As commuters — layered as thickly as Russian nesting dolls — scurried into the Logan Square L station, one man stood out front in an ominous-looking coat, seemingly impervious to the record-setting arctic cold.
For Edward Eastman, 41, the weather presented the rare chance to sport the East German officer’s coat he acquired from a military surplus store.
“Even with Chicago winters it’s hard to be cold enough for this coat,” Eastman said with a smile as he waited for his girlfriend to arrive from her overnight shift with a downtown financial firm.
“It’s heavy-duty wool and leather,” he said with the glee of a man prepared for the elements.

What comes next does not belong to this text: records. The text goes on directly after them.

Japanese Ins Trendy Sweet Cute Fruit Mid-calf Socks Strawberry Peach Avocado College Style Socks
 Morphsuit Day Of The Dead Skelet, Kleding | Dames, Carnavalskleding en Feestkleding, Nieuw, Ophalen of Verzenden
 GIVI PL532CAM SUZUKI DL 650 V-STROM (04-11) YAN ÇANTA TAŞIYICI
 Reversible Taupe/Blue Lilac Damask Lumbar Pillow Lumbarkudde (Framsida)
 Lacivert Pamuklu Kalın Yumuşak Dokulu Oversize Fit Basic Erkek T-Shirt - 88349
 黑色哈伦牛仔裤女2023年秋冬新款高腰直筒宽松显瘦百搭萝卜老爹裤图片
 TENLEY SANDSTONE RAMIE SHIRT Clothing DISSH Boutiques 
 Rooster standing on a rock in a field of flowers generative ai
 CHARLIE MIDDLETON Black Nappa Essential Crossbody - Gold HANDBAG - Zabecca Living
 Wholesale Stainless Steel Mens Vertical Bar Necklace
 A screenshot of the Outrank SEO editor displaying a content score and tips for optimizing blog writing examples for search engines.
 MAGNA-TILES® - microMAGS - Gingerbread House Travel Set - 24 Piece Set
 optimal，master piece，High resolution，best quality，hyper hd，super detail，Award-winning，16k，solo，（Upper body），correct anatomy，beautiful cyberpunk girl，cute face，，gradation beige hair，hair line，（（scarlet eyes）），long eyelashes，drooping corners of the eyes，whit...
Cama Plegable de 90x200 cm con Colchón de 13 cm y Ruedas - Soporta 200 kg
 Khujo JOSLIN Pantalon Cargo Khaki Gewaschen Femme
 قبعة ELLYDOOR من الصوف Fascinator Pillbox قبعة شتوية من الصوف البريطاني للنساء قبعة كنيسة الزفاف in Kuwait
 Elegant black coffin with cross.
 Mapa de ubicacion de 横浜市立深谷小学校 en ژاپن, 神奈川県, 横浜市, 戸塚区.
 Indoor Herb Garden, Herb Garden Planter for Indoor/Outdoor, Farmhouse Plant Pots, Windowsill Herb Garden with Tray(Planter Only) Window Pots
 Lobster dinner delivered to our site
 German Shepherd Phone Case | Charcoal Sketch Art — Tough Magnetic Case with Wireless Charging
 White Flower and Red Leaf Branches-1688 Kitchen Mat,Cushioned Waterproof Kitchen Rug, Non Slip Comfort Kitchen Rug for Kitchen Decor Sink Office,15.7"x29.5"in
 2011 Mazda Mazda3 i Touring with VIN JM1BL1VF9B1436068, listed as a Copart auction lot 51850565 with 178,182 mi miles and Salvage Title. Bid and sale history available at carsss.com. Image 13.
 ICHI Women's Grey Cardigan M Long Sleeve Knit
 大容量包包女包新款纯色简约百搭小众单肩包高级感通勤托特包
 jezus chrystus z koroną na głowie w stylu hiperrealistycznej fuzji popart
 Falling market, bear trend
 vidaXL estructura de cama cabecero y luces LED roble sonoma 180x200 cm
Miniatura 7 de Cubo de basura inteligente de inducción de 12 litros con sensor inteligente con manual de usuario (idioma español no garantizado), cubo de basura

A 79-year-old record low temperature was broken on Thursday as a blast of dangerously frigid Arctic air gripped the Chicago area.
The temperature at O’Hare Airport was 8 degrees below zero at 6:18 a.m., breaking the record set for Feb. 19 in 1936 by 1 degree, according to the National Weather Service. The wind chill at O’Hare was a brutal 28 degrees below zero.
“When is spring coming?” asked Alfred Kim, his glasses nearly opaque. “That’s really the only question in my mind. When is winter over? It’s brutal.”
Kim, who lives in Logan Square and works for a hedge fund, was not surprised the negative temps set a record. “It’s brutal,” he repeated.
Wind chills paired with 20 mph gusts could make the temperature feel as cold as 30 degrees below zero on Thursday, according to a wind chill advisory issued at 6 p.m. Wednesday. The advisory is slated to run through noon Thursday.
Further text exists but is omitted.